BEGIN Source records

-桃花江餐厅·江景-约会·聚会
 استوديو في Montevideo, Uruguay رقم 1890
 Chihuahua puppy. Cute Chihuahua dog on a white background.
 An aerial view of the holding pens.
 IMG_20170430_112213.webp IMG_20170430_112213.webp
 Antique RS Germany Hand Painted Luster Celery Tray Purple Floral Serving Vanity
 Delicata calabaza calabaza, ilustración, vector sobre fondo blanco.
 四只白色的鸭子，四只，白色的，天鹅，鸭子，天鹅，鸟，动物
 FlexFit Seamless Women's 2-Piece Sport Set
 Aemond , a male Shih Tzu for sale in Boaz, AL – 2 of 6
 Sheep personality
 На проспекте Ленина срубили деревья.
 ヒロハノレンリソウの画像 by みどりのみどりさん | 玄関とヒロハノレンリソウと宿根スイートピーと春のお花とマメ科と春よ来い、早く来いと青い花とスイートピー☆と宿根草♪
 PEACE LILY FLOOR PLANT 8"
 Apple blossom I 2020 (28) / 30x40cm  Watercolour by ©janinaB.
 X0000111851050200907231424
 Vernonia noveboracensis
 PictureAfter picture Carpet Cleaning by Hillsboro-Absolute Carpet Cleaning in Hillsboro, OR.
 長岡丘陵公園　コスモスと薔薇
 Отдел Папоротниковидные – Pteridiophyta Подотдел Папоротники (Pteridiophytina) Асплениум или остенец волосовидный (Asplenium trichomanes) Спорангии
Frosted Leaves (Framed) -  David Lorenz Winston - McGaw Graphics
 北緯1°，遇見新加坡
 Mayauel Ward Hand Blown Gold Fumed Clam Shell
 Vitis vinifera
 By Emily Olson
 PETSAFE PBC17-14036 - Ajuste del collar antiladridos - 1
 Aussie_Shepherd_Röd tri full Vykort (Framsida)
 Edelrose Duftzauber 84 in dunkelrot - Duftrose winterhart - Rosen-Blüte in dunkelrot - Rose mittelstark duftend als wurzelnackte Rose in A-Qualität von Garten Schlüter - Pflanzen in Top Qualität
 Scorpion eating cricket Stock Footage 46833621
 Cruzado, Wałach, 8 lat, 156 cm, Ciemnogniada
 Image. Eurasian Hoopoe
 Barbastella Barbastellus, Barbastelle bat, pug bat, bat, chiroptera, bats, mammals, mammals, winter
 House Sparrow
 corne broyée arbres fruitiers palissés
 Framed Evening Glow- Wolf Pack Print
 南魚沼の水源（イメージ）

END Source records

**Exercise aim**: Copy exactly the line that contains "Edelrose Duftzauber 84" and every line after it through the end of the entries, with nothing added.

**Task result**:
 Edelrose Duftzauber 84 in dunkelrot - Duftrose winterhart - Rosen-Blüte in dunkelrot - Rose mittelstark duftend als wurzelnackte Rose in A-Qualität von Garten Schlüter - Pflanzen in Top Qualität
 Scorpion eating cricket Stock Footage 46833621
 Cruzado, Wałach, 8 lat, 156 cm, Ciemnogniada
 Image. Eurasian Hoopoe
 Barbastella Barbastellus, Barbastelle bat, pug bat, bat, chiroptera, bats, mammals, mammals, winter
 House Sparrow
 corne broyée arbres fruitiers palissés
 Framed Evening Glow- Wolf Pack Print
 南魚沼の水源（イメージ）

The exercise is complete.